DATA SHOWN:
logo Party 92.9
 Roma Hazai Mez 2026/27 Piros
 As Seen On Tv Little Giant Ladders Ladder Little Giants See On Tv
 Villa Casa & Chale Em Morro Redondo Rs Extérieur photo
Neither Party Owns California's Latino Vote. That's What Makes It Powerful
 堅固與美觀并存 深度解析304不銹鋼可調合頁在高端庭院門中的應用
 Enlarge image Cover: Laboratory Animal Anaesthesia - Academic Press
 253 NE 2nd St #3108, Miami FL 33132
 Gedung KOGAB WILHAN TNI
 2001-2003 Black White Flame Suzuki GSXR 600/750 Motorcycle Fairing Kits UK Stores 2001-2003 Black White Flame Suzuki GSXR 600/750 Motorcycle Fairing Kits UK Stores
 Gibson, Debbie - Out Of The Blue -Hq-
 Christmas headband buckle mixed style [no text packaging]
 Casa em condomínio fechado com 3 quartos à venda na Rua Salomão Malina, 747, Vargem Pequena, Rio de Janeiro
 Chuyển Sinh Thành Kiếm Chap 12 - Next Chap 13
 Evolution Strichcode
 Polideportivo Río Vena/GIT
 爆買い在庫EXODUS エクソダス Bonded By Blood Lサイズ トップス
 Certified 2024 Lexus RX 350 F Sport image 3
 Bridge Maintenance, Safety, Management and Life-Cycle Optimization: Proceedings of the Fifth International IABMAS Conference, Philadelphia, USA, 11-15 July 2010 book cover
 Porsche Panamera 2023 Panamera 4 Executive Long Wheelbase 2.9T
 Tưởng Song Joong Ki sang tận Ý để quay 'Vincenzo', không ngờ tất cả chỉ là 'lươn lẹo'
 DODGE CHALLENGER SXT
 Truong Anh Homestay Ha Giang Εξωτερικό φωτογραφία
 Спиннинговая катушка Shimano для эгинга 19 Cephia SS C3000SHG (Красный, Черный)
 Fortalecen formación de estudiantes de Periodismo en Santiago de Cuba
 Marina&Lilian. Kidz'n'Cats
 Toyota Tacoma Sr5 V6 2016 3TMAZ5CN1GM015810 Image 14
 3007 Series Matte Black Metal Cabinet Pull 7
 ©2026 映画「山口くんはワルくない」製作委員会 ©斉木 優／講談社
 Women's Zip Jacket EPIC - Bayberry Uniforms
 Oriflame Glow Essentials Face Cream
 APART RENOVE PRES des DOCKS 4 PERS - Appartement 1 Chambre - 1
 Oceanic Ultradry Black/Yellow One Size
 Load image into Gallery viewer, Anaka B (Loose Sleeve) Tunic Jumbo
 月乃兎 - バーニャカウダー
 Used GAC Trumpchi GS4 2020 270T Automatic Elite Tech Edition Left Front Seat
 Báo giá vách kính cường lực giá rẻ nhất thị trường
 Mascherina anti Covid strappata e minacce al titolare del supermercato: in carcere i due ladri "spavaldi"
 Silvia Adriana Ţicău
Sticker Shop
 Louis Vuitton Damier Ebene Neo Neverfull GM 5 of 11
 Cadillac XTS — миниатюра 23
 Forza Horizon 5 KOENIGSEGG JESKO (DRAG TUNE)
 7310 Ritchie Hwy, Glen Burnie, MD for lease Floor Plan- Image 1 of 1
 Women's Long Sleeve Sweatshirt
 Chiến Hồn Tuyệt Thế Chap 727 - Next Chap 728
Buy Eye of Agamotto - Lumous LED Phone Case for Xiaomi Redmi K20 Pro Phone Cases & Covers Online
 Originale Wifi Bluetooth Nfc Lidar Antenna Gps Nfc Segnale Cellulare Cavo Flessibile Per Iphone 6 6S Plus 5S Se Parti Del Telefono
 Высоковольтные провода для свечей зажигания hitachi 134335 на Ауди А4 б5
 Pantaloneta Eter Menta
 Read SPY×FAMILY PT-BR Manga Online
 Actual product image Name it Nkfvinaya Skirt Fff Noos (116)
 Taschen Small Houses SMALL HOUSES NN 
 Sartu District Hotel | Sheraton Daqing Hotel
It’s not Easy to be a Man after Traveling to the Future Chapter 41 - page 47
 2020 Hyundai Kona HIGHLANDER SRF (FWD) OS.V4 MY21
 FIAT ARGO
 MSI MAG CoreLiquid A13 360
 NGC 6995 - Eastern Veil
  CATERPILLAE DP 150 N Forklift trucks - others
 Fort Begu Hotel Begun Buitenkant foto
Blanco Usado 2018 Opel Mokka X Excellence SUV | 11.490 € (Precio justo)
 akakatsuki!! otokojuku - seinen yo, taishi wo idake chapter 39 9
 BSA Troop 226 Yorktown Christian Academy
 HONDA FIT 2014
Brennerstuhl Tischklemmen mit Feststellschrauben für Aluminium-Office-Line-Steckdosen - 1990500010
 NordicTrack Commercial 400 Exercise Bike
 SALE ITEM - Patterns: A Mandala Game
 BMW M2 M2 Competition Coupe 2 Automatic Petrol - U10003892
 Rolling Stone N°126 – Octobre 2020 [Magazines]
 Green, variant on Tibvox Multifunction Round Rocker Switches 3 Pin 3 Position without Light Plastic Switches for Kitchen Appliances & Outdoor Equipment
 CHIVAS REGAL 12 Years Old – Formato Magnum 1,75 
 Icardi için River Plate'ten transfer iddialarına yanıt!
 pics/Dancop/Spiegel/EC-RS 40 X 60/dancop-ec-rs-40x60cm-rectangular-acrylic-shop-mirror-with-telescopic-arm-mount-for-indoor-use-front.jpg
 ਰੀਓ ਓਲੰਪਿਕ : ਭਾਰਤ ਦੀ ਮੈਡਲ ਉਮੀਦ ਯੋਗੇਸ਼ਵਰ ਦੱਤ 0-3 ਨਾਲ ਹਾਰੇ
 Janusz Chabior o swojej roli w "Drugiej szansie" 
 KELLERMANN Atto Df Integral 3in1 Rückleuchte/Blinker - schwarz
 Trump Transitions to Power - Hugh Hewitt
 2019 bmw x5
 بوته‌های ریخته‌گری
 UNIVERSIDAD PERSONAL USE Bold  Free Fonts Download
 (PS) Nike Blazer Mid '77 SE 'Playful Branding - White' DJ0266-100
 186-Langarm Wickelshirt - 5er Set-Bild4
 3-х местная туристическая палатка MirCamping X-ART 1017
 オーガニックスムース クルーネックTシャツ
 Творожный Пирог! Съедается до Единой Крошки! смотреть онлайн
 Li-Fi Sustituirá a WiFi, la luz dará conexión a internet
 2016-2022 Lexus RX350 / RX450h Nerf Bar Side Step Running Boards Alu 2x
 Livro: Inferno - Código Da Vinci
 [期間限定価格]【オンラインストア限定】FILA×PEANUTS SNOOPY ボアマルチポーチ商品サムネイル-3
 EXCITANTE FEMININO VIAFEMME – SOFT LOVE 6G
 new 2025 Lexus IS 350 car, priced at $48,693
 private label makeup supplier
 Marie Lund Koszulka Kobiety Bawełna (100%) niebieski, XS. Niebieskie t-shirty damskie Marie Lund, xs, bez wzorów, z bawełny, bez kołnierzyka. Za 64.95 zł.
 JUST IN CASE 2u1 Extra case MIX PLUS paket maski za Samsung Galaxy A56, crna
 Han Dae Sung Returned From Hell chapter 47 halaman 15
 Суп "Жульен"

TASK DESCRIPTION: Quote only the stretch of lines that starts the data above and ends with the line containing "Oceanic Ultradry Black/Yellow One Size", both included.

WRITTEN SOLUTION:
logo Party 92.9
 Roma Hazai Mez 2026/27 Piros
 As Seen On Tv Little Giant Ladders Ladder Little Giants See On Tv
 Villa Casa & Chale Em Morro Redondo Rs Extérieur photo
Neither Party Owns California's Latino Vote. That's What Makes It Powerful
 堅固與美觀并存 深度解析304不銹鋼可調合頁在高端庭院門中的應用
 Enlarge image Cover: Laboratory Animal Anaesthesia - Academic Press
 253 NE 2nd St #3108, Miami FL 33132
 Gedung KOGAB WILHAN TNI
 2001-2003 Black White Flame Suzuki GSXR 600/750 Motorcycle Fairing Kits UK Stores 2001-2003 Black White Flame Suzuki GSXR 600/750 Motorcycle Fairing Kits UK Stores
 Gibson, Debbie - Out Of The Blue -Hq-
 Christmas headband buckle mixed style [no text packaging]
 Casa em condomínio fechado com 3 quartos à venda na Rua Salomão Malina, 747, Vargem Pequena, Rio de Janeiro
 Chuyển Sinh Thành Kiếm Chap 12 - Next Chap 13
 Evolution Strichcode
 Polideportivo Río Vena/GIT
 爆買い在庫EXODUS エクソダス Bonded By Blood Lサイズ トップス
 Certified 2024 Lexus RX 350 F Sport image 3
 Bridge Maintenance, Safety, Management and Life-Cycle Optimization: Proceedings of the Fifth International IABMAS Conference, Philadelphia, USA, 11-15 July 2010 book cover
 Porsche Panamera 2023 Panamera 4 Executive Long Wheelbase 2.9T
 Tưởng Song Joong Ki sang tận Ý để quay 'Vincenzo', không ngờ tất cả chỉ là 'lươn lẹo'
 DODGE CHALLENGER SXT
 Truong Anh Homestay Ha Giang Εξωτερικό φωτογραφία
 Спиннинговая катушка Shimano для эгинга 19 Cephia SS C3000SHG (Красный, Черный)
 Fortalecen formación de estudiantes de Periodismo en Santiago de Cuba
 Marina&Lilian. Kidz'n'Cats
 Toyota Tacoma Sr5 V6 2016 3TMAZ5CN1GM015810 Image 14
 3007 Series Matte Black Metal Cabinet Pull 7
 ©2026 映画「山口くんはワルくない」製作委員会 ©斉木 優／講談社
 Women's Zip Jacket EPIC - Bayberry Uniforms
 Oriflame Glow Essentials Face Cream
 APART RENOVE PRES des DOCKS 4 PERS - Appartement 1 Chambre - 1
 Oceanic Ultradry Black/Yellow One Size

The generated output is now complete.